#### Problem description:
Would you transcribe the entries below, beginning at the line with "PAHALA 925 Sterling" and ending after the line with "Pre-owned Max Mara Leather Heels In White", exactly, with no picture and nothing more?

#### Records to process:
_ _ _ _

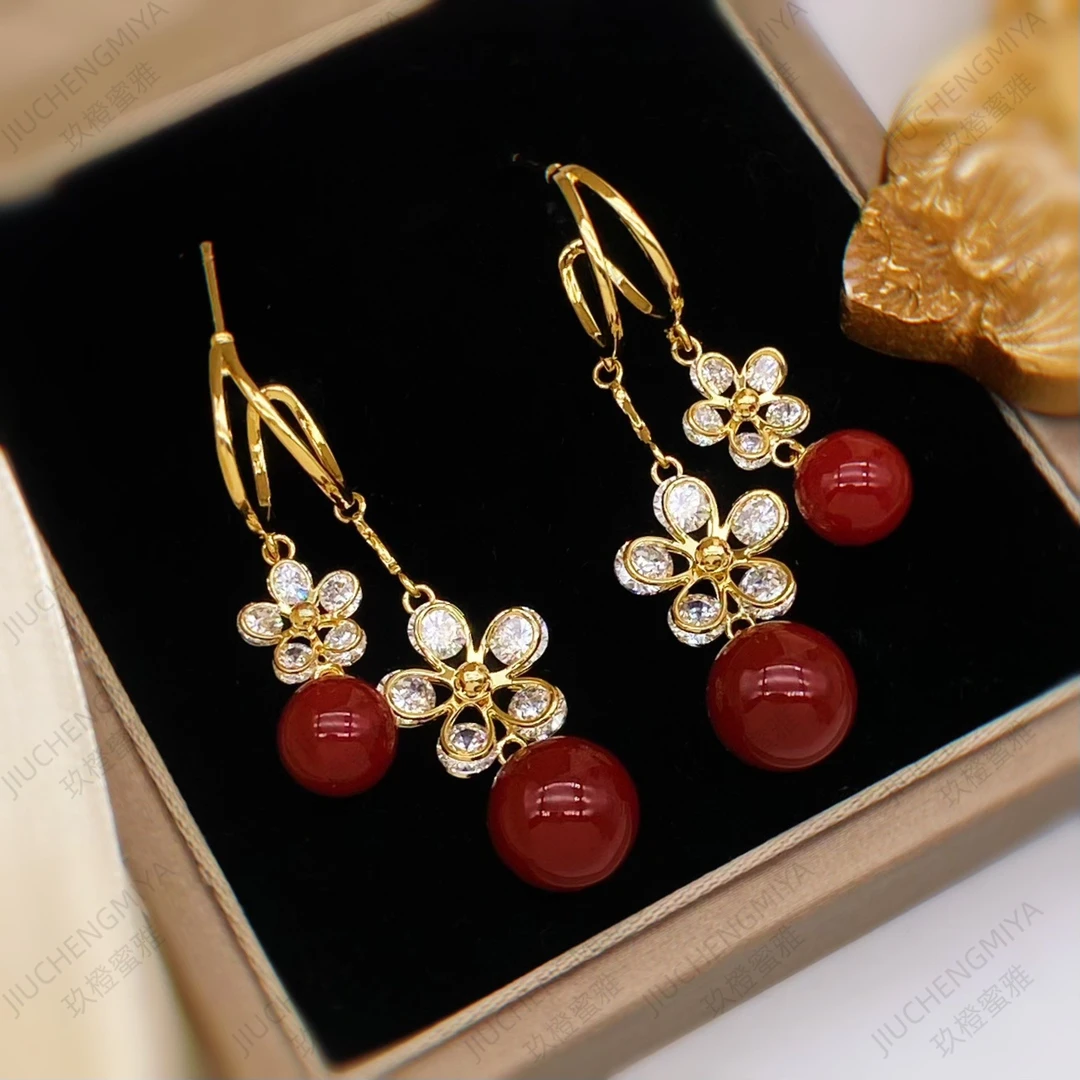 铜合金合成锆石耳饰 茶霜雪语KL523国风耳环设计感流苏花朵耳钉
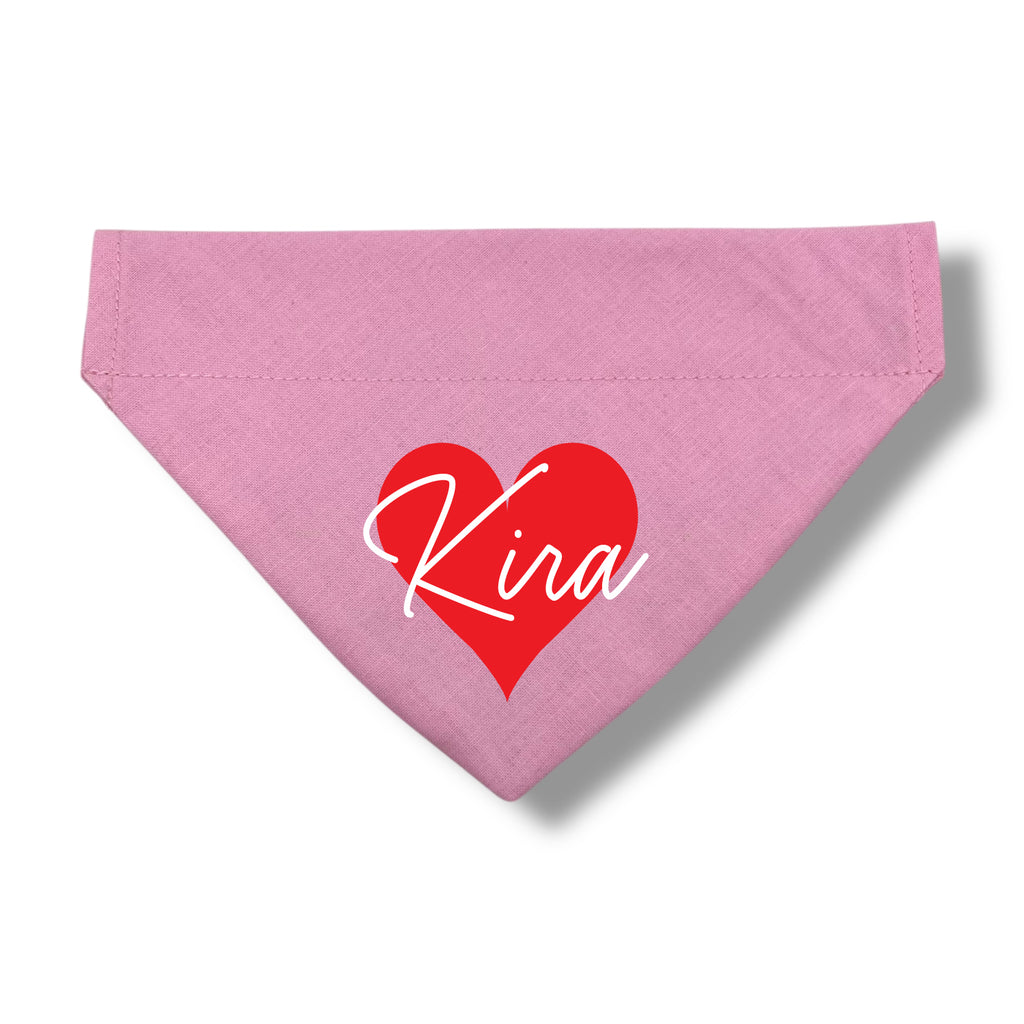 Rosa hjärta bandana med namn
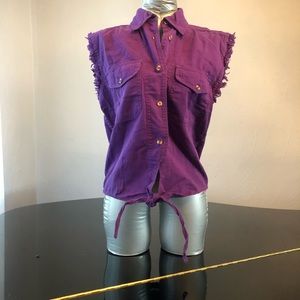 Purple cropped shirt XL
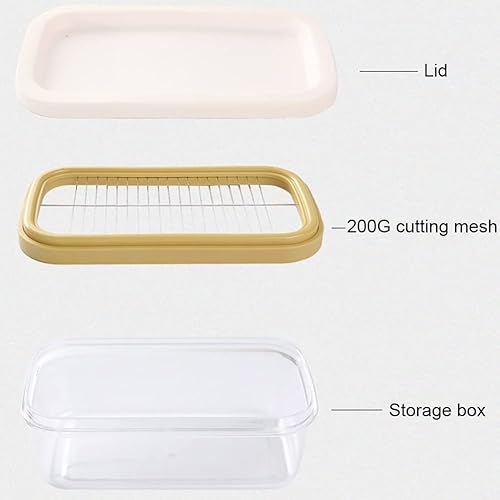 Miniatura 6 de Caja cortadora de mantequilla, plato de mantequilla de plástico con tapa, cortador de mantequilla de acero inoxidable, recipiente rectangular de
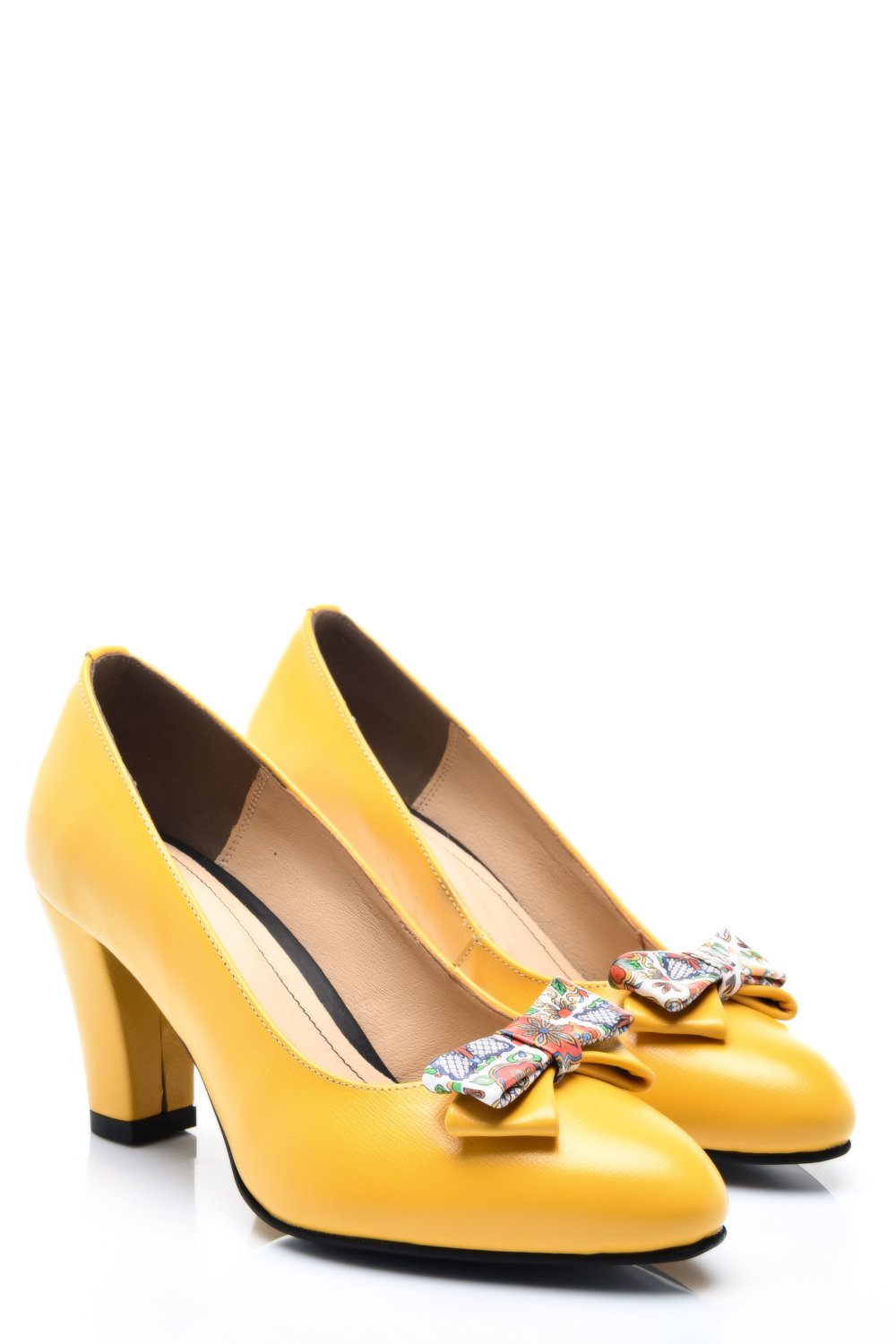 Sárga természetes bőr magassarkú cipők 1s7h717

_ _ _ _

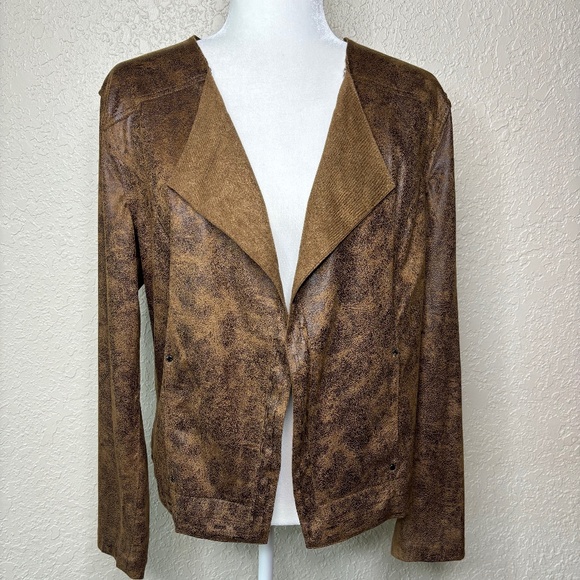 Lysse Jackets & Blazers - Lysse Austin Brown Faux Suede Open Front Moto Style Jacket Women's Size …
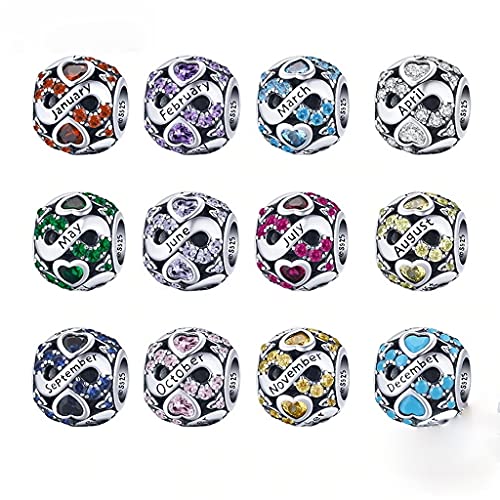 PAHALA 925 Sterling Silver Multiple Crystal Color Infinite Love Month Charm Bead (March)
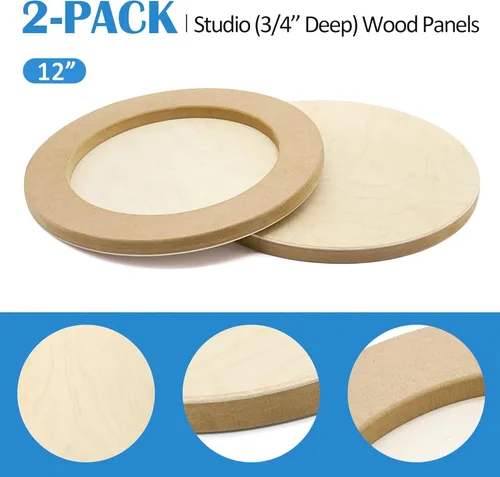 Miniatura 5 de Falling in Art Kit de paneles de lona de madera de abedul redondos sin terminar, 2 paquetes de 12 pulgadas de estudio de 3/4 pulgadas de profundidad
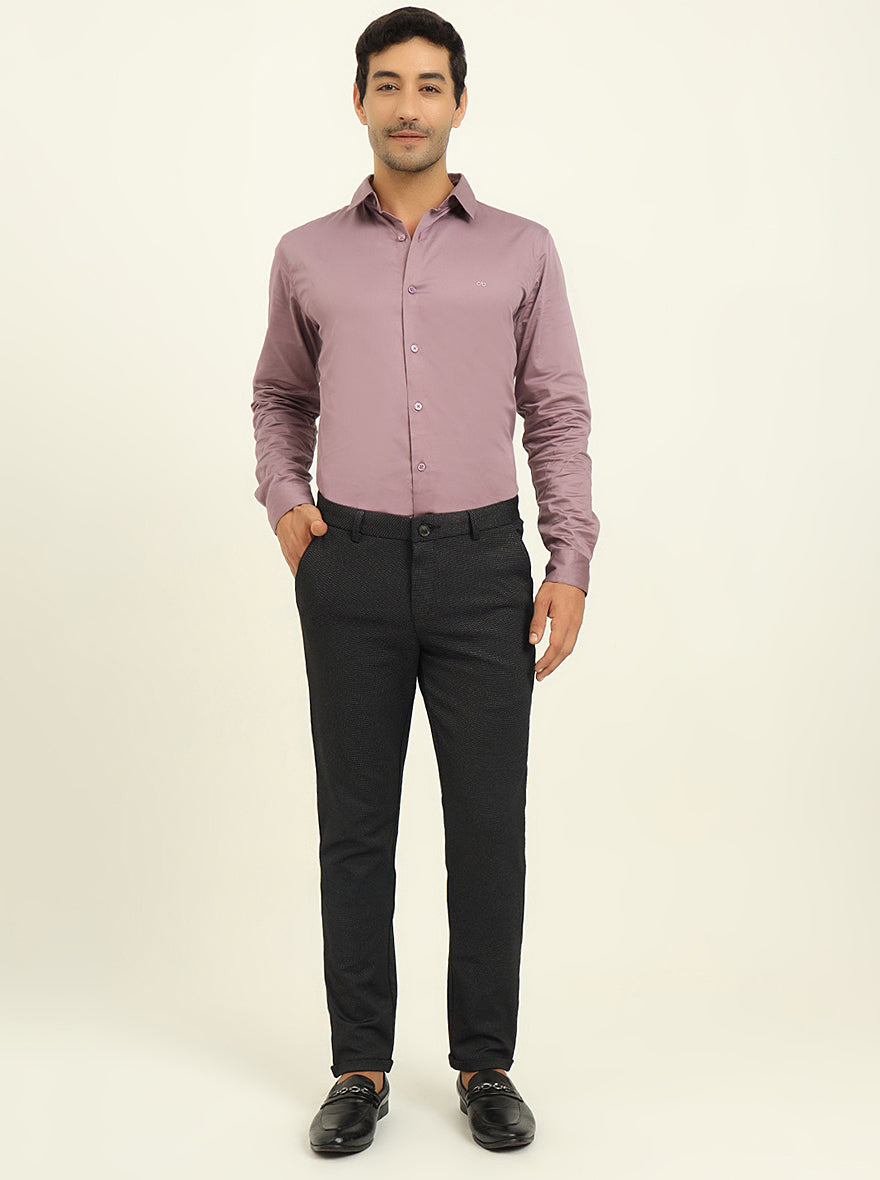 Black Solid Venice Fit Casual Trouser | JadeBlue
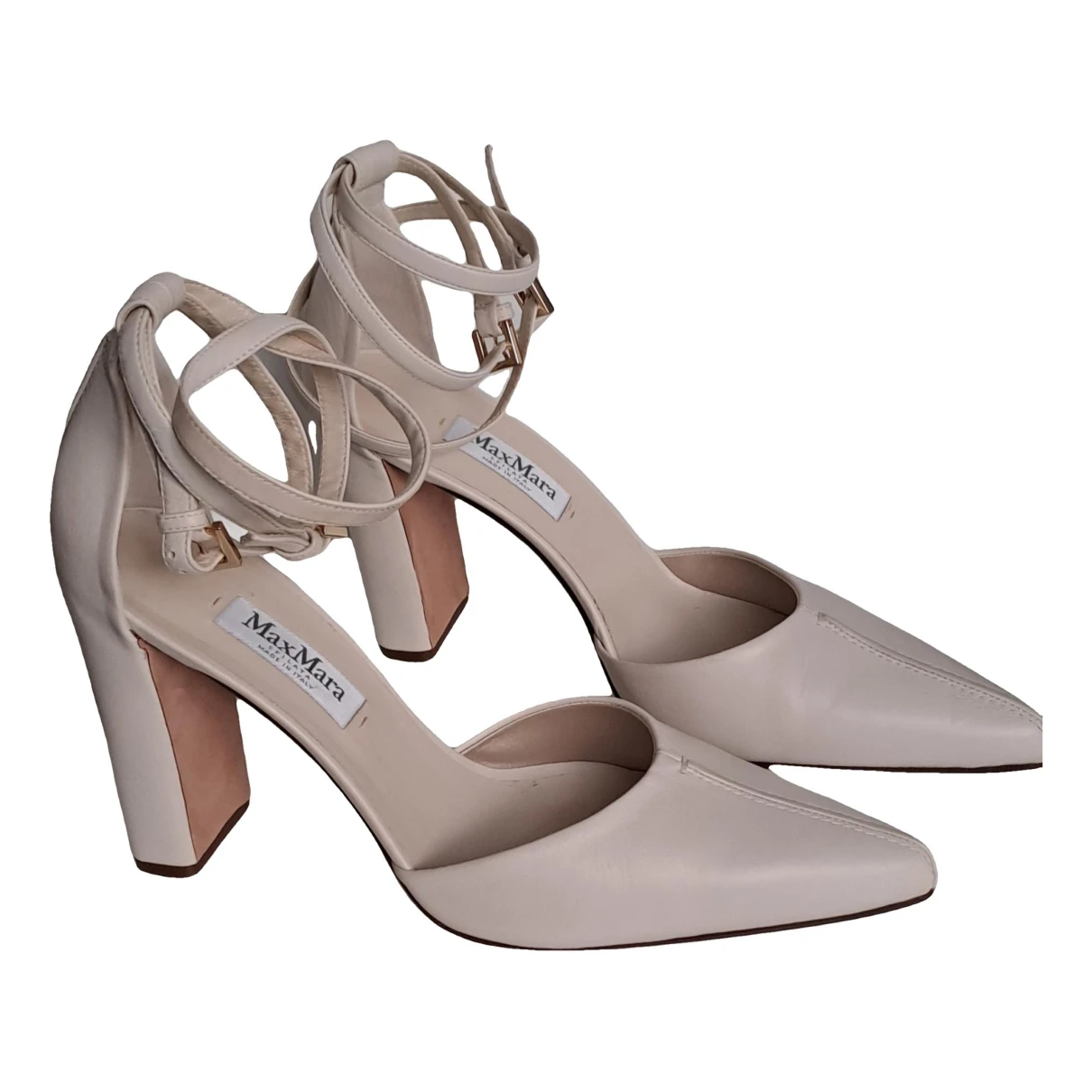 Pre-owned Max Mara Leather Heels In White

_ _ _ _

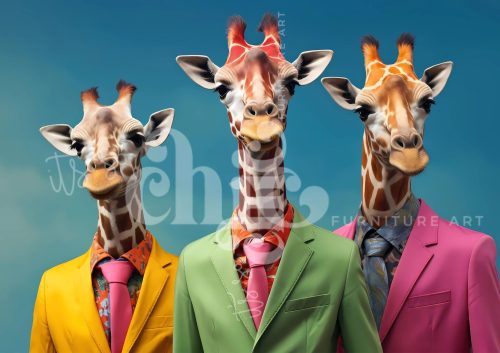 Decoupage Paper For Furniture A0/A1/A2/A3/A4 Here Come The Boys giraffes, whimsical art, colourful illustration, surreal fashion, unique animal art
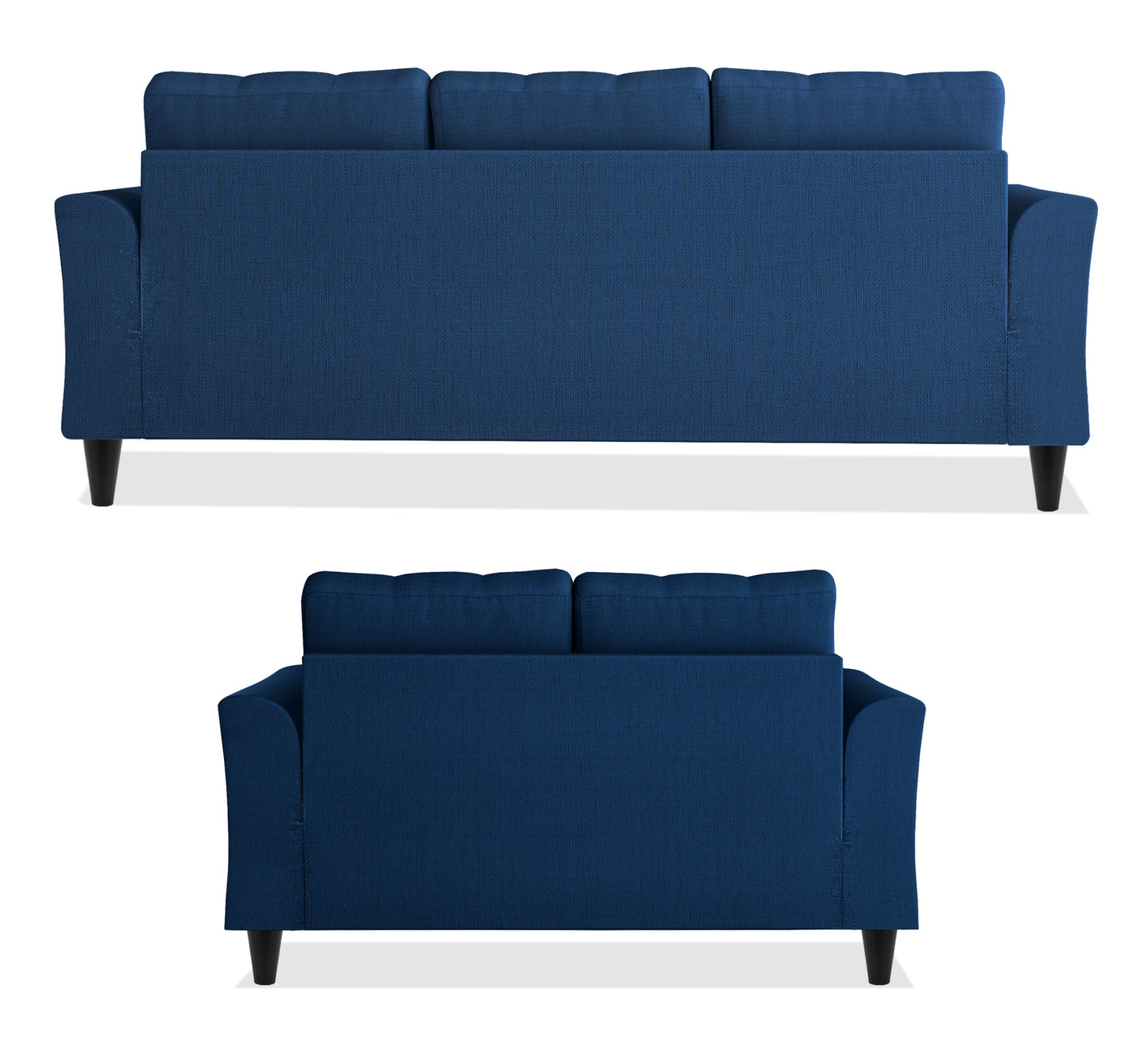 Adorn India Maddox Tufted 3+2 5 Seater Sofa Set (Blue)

_ _ _ _

#### Expected output:
 PAHALA 925 Sterling Silver Multiple Crystal Color Infinite Love Month Charm Bead (March)
 Miniatura 5 de Falling in Art Kit de paneles de lona de madera de abedul redondos sin terminar, 2 paquetes de 12 pulgadas de estudio de 3/4 pulgadas de profundidad
 Black Solid Venice Fit Casual Trouser | JadeBlue
 Pre-owned Max Mara Leather Heels In White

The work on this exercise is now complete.